5. The fabric management method based on self-collection according to claim 1, characterized in that, The step of extracting the depth feature vector of the simulated image and associating it with fabric identification information and storing it in the feature database to support content-based image retrieval specifically includes: The simulated image is input into a pre-trained convolutional neural network model; Obtain the feature map of at least one intermediate convolutional layer in the convolutional neural network; A global average pooling operation is performed on the feature map, and the pooled feature tensor is flattened to form the depth feature vector.

6. The fabric management method based on self-collection according to claim 5, characterized in that, The step of obtaining the feature map of at least one intermediate convolutional layer in the convolutional neural network specifically includes: The simulated image is input into a pre-trained convolutional neural network for forward propagation, activating and extracting the feature map output of a specified intermediate convolutional layer; Based on the texture characteristics of the fabric sample, an adaptive combination of intermediate convolutional layers for feature fusion is selected, wherein samples with complex textures are assigned higher weights to lower-level feature maps, and samples with uniform color are assigned higher weights to higher-level feature maps.

7. A fabric retrieval method, characterized in that, The fabric retrieval method includes: Receive the query image; Obtain the query feature vector of the query image, wherein the query feature vector is obtained using the feature extraction method of the fabric management method based on self-collection as described in any one of claims 1 to 6; Calculate the similarity between the query feature vector and all stored feature vectors in the feature database; Sort by similarity and return at least one fabric identification information and its corresponding simulated image that is most similar.
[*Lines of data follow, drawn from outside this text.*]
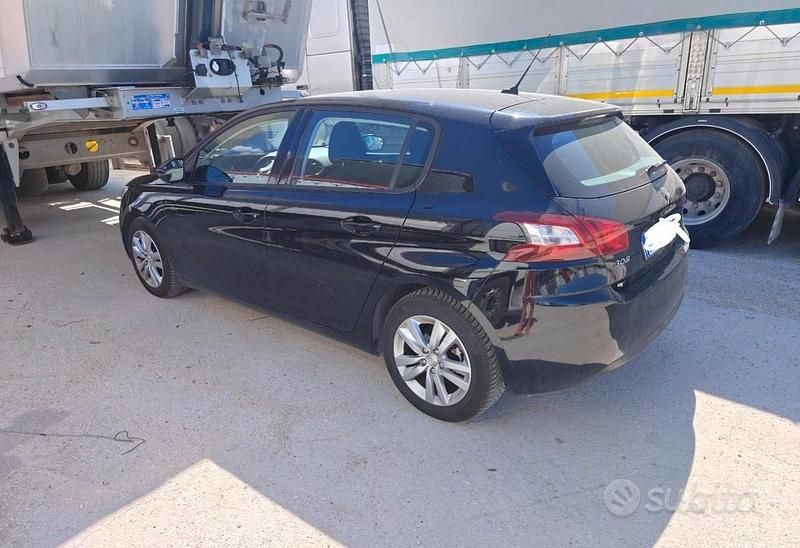 Usata Peugeot 308 Allure 2017 Nero Berlina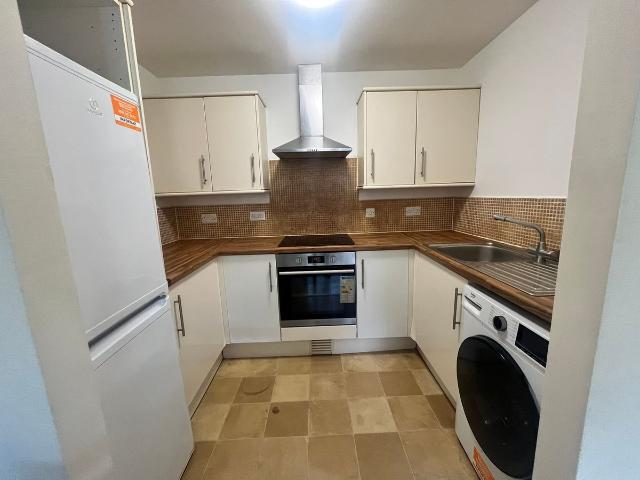 Gressingham Grove, Coventry CV6, 2 bed flat to rent, £950 pcm | PrimeLocation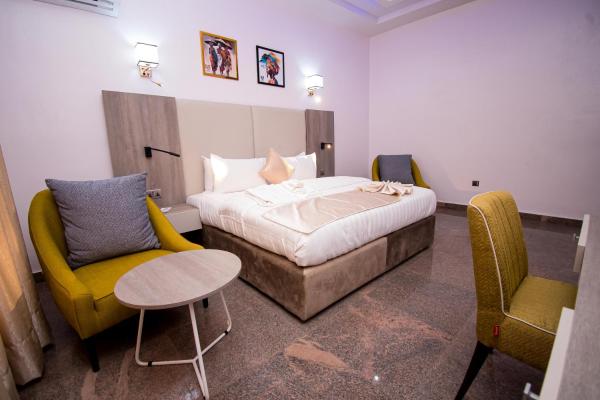 Na fotografii je vidět objekt Marchforte Courtyard Hotel & Suites nacházející se ve městě Ibadan.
8. The fabric retrieval method according to claim 7, characterized in that, The calculation of the similarity between the query feature vector and all feature vectors stored in the feature database specifically includes: The initial similarity between the query feature vector and a feature vector in the database is calculated using the cosine similarity algorithm. Based on the color histograms of the query image and the original images in the database, the Bach coefficient of the color histograms is calculated as the color distribution similarity. The initial similarity and color distribution similarity are weighted and fused to obtain the final comprehensive similarity.

9. A computer device comprising a memory, a processor, and a computer program stored in the memory and executable on the processor, characterized in that, When the processor executes the computer program, it implements the steps of the self-collection-based fabric management method as described in any one of claims 1 to 6, or implements the steps of the fabric retrieval method as described in any one of claims 7 to 8.

10. A computer-readable storage medium storing a computer program, characterized in that, When the computer program is executed by the processor, it implements the steps of the self-collection-based fabric management method as described in any one of claims 1 to 6, or implements the steps of the fabric retrieval method as described in any one of claims 7 to 8.